Fig. 5 |. Distinct enhancer repertoires regulate transcriptional programs of three subsets of CD8⁺ T cells.

a, Heatmap showing correlation analysis of enhancer profiles (ATAC-seq peaks that are >2 kb from the TSS). Shown are the three CD8 subsets from the chronic LCMV infection as well as naive CD8⁺ T cells, MPECs, SLECs and memory cells from the LCMV Armstrong infection (GSE150442). The scale bar represents z scores that were generated from log₂ (reads per kb per million mapped reads (RPKM)) values. b, Venn diagram showing overlapping and unique enhancer regions among the three CD8⁺ T cell subsets. c, Top, heatmap showing enhancer regions with differential accessibility. Scale bar represents z scores that were generated from log₂ (RPKM) values. Bottom, heatmap showing the enrichment of TF-binding motifs in six enhancer peak sets using HOMER motif analysis. Scale bar represents z scores that were generated from −log₁₀ (P values). ATAC-seq data are from two independent replicates. Each replicate was pooled together from two to three mice.

Fig. 6 |. BATF is required for T_PRo cell differentiation into T_EFF cells.
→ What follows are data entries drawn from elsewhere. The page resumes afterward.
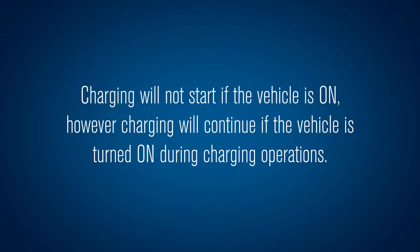Charging will not start if the vehicle is on. However, charging will continue if the vehicle is turned on during charging operations.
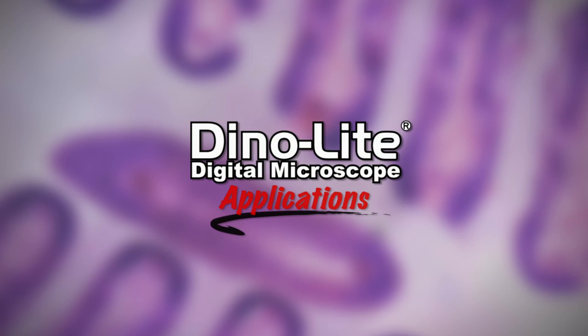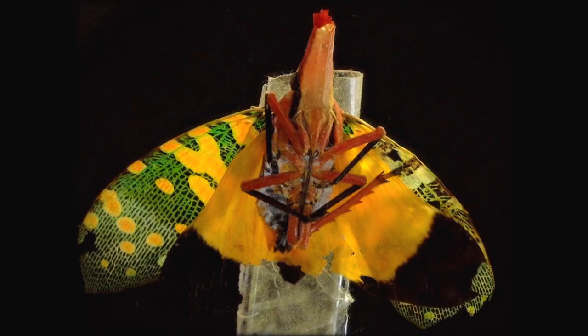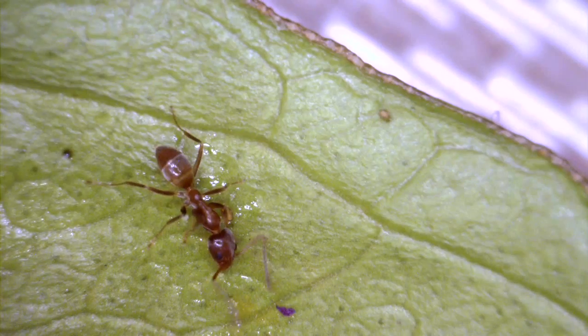This is a Dynolite Digital Microscope video focusing on educational applications. All of the pictures shown were captured by Dynolite microscopes. In this video, we'll introduce the Dynolite, its features and results, show how it's used, and some of the available options including Dynolite models and accessories.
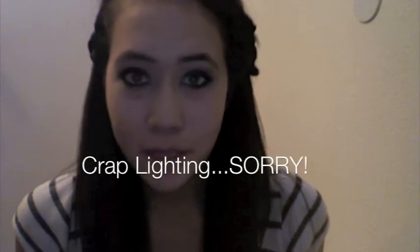Hi guys, so today I'm going to be doing a tutorial on this Taylor Momsen inspired look. I saw the picture of her from her Seventeen Magazine cover shoot and I just love her. I love her eye makeup — it's always very dark and edgy and very dramatic, and I thought I'd give it a try. So this is my version of her look, so go ahead and stay tuned to be able to try it.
a–f, Representative flow plots and summary data showing the percentage of virus-specific CD8⁺ T cells as well as the proportion of three antigen-specific CD8⁺ T cell subsets in WT and BATF-HET mice on day 8 or day 21 p.i. with LCMV Cl13. g, Summary data showing the proportion of CD8⁺ T cells degranulating (CD107a⁺) and producing IFN-γ upon ex vivo stimulation with the GP_33–41 peptide. h–j, Summary data showing the relative expression of GzmB, T-bet and PD-1 in three virus-specific CD8⁺ T cell subsets. These subsets were all gated on CD8⁺CD44⁺GFP⁺ cells first, which represent polyclonal LCMV-specific CD8⁺ T cells. c,e, Data were collected from four WT and seven BATF-HET mice. d,f, Data were collected from six WT and four BATF-HET mice. g–j, Data were collected from four WT and four BATF-HET mice. c–j, Data were pooled from two independent experiments. Data are expressed as mean ± s.e.m. *P < 0.05, **P < 0.01, ***P < 0.001. c,d, Two-tailed unpaired t-test. e–j, Unpaired t-test with the Benjamini and Hochberg method or the Holm–Šídák method.
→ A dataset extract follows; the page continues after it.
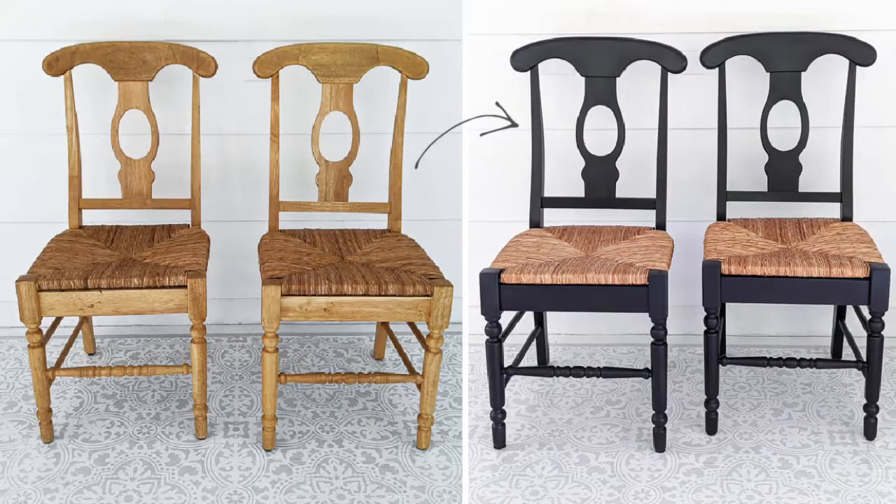Hey guys, it's Carrie from Lovely Etc, and today I'm going to show you how to paint wooden chairs the easy way. Painting wooden chairs and dining chairs with all their spindles and turned legs can be incredibly time-consuming and not particularly fun. I've painted lots of chairs using a paintbrush and paint rollers and you definitely can do it that way, but it takes forever to paint all of the little spindles and turned parts. So today I'm going to show you how to paint a chair the super fast way.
Fig. 7 |. BATF modulates enhancer accessibility to facilitate the T_PRO-to-T_EFF cell transition.

a,b, Comparison of global BATF CUT&Tag-seq peaks in three virus-specific CD8⁺ T cell subsets. a, Venn diagram demonstrating numbers of BATF CUT&Tag-seq peaks commonly or differentially present in the three CD8⁺ T cell subsets. b, Heatmap showing signal intensity (reads per 50 bp) of each BATF CUT&Tag-seq peak. k-means clustering in seqMINER was used to group the BATF CUT&Tag-seq peaks based on their signal intensities (linear normalization method). c, Left, dynamics of active enhancers (ATAC⁺H3K27ac⁺) during the T_PRO-to-T_EFF cell transition. Active enhancers were grouped into three categories based on their presence in T_PRO cells and T_EFF cells. Right, occupancy of BATF at these active enhancers. BATF-bound active enhancers were annotated to nearby genes using HOMER annotatePeaks. Representative genes in each group are listed on the right. d, Genome track view of the Tbx21 locus showing ATAC-seq, H3K27ac and BATF CUT&Tag peaks in T_PRO cells, T_EFF cells and T_EXH cells. TFs with predictive binding sites at the enhancers (green shadows) are listed. For ATAC-seq data, the scale bar represents RPKM values. For BATF CUT&Tag-seq data, the scale bar represents Escherichia coli DNA–normalized read counts. BATF CUT&Tag-seq data are from three independent replicates. Each replicate was pooled together from two to three mice.